Adding a metric or a table means adding a row in the CSVs, not hardcoding in Python.

Concretely:

  • The l3_asurion seeder (backend/scripts/databricks_mock_data/l3_asurion_main.py) renders DDL on the fly from column_dictionary.csv via app.sql_gen.type_mapper.to_databricks_type. There is no static 02_tables.sql for l3_asurion. If a column in the dictionary disagrees with what the seeder would build, the seeder fails — drift cannot survive.
  • The validator (backend/scripts/validate_dictionary.py) checks the dictionary against itself (FK targets resolve, KPI base_tables exist) AND against the live warehouse (every dictionary column appears in DESCRIBE TABLE with an equivalent type).
  • The SQL generator (Prompt 3, not yet in the code) will scope Bedrock prompts via DataDictionary.subset_for_tables(...) and reject any join outside join_map.csv.

How the dictionary is mounted

docker-compose.yml lines 79-87 mount the folder read-only:

volumes:
  - ./data-dictionary:/app/data-dictionary:ro

DATA_DICTIONARY_ROOT=/app/data-dictionary is exported to the api container so backend/app/sql_gen/dictionary_loader.py finds it. The :ro flag means a routing typo or a CSV edit cannot be quietly fixed inside the container instead of the repo — every change goes through git.

Workflow: seed l3_asurion into Databricks

make seed-databricks-l3 invokes backend/scripts/databricks_mock_data/l3_asurion_main.py.

flowchart TB
    a["data-dictionary/table_catalog.csv<br/>+ column_dictionary.csv"]
    b["dictionary_loader.get_default()"]
    c["For each FQN in TABLES_TO_SEED:<br/>render CREATE OR REPLACE TABLE"]
    d["app.sql_gen.type_mapper.to_databricks_type<br/>(per column)"]
    e["l3_asurion_generators<br/>generate_product_catalog_rows (500)<br/>generate_claim_rows (5000)"]
    f["uploader.insert_rows<br/>(reused from v1 seeder)"]
    dbx[("workspace.l3_asurion.ev_product_catalog<br/>workspace.l3_asurion.ev_claim")]

    a --> b --> c
    c --> d
    c --> e
    d --> f
    e --> f
    f --> dbx

Currently seeded tables (in TABLES_TO_SEED):

  • l3_asurion.ev_product_catalog — 500 rows. The catalog is parent; rows are picked first so ev_claim.product_catalog_id can FK to a real value. Names drawn from a fixed pool of ~20 device models so grouping queries return readable buckets.
  • l3_asurion.ev_claim — 5000 rows. Status mix weighted (RESOLVED 55%, IN_PROGRESS 18%, PENDING_PARTS 7%, …) so the demo bar chart isn't pathologically uniform. Timestamps within the last 90 days so the time_window_start filter on the Databricks-routed metrics returns non-empty results.

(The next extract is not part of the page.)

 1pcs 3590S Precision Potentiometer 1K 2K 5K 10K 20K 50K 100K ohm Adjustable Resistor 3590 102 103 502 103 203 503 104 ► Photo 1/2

--reset is idempotent: drops + recreates both tables. The whole run takes ~35s against a Serverless Starter warehouse.

Adding a third seeded table is one line in TABLES_TO_SEED plus a generator function. The DDL writes itself.

Workflow: validate the dictionary

make validate-dictionary invokes backend/scripts/validate_dictionary.py.

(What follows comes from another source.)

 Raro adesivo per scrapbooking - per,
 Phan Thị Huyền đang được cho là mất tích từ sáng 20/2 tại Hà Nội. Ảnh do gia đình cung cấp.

Structural pass (always runs)

  1. Every column_dictionary.foreign_key_reference resolves to a real schema.table.column triple in the dictionary itself.
  2. Every kpi_catalog.base_table exists in table_catalog.
  3. Schemas listed in table_catalog but absent from column_dictionary print WARN: schema sparse.

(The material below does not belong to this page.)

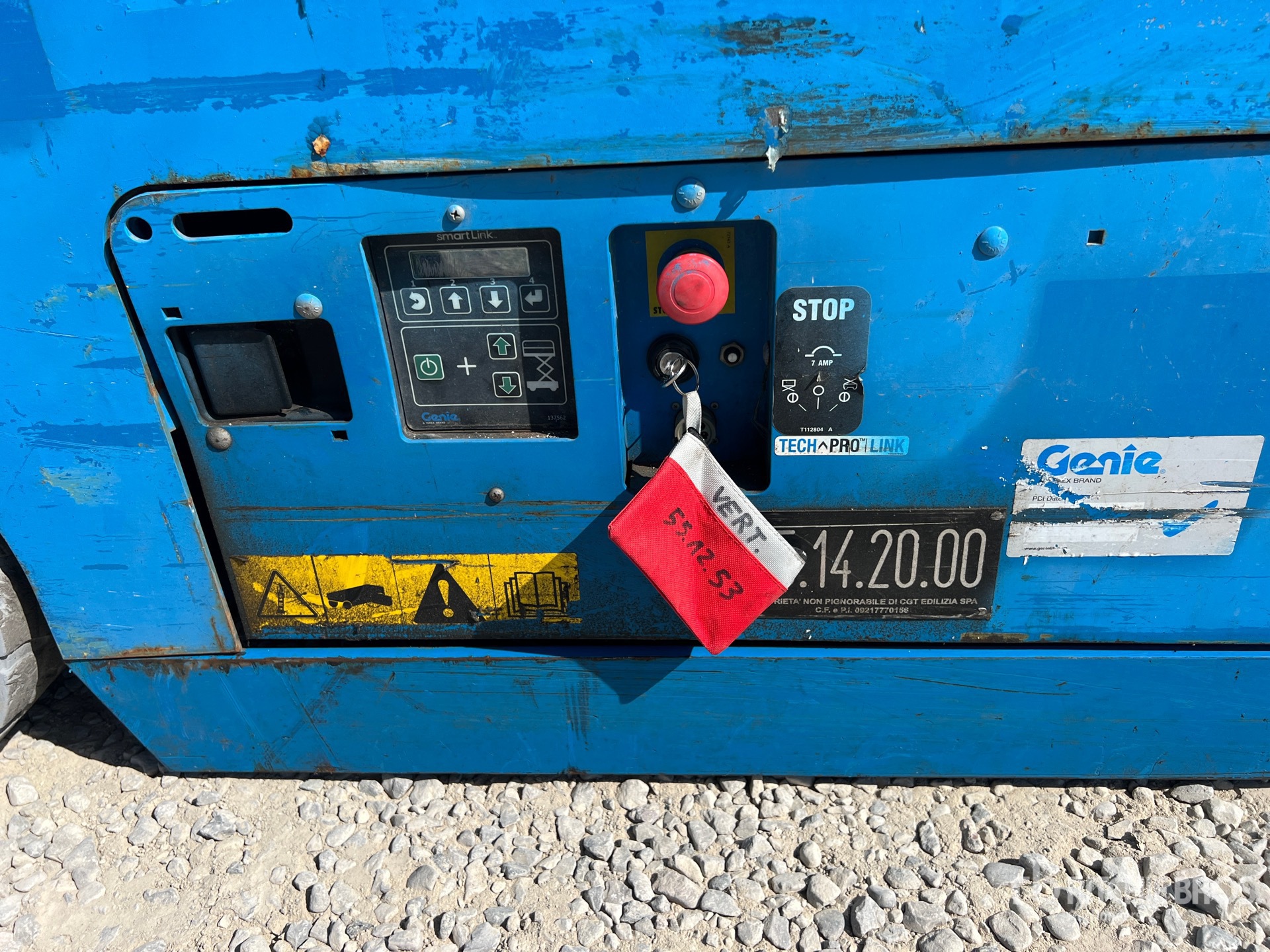 2019 Genie GS-4047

Today: 0 errors, 0 warnings against the real dictionary.

Live pass (runs when DATABRICKS_HOST is set)

For each FQN in DATABRICKS_VALIDATE_TABLES (default: l3_asurion.ev_claim,l3_asurion.ev_product_catalog):

  1. Run DESCRIBE TABLE via backend/app/databricks/client.py.
  2. Assert every dictionary-declared column is present.
  3. Assert types are equivalent per app.sql_gen.type_mapper.equivalent.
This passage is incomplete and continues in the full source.